Rheinische Post - Xanten and Moers
Die Waffen der „Reichsbürger“
Wie gefährlich sind die mutmaßlichen Verschwörer, die jetzt in Untersuchungshaft sitzen? Die am Mittwoch gefundene Ausrüstung hätte für einen Umsturz wohl kaum ausgereicht. Der Kanzler spricht von einem „sehr schlimmen Vorfall“.
FRANKFURT/BERLIN/DUBLIN (dpa) Wochenlang liefen die Vorbereitungen für die Beweissicherung und Festnahme der mutmaßlichen Verschwörer. Beamte der Sicherheitsbehörden mehrerer Bundesländer wurden eingeweiht. Intern trug die Operation den Namen „Schatten“. Tatsächlich liegt auch nach der Festnahme der Hauptbeschuldigten noch manches im Schatten.

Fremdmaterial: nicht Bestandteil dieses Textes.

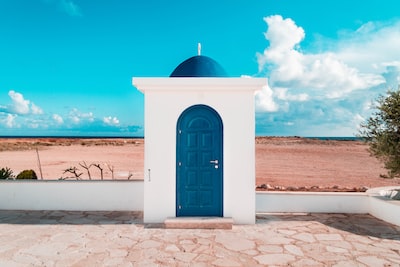minimalistic cyprus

Zwar sind die Ermittler überzeugt, dass Mitglieder der Gruppe gewaltbereit sind und sich als eine Art Vorhut sahen, die bei einem Umsturz die Führung übernehmen würde. Dennoch deutet vieles darauf hin, dass die Beweisführung in einem Prozess nicht einfach werden dürfte. Denn einige der Ideen, die in der Gruppe kursierten, waren so merkwürdig, dass die Grenze zwischen Wahrnehmung und Realität oft schwer zu ziehen ist. Das gilt vor allem für ihre Vermutung, eine Allianz ausländischer Akteure werde in Deutschland eingreifen.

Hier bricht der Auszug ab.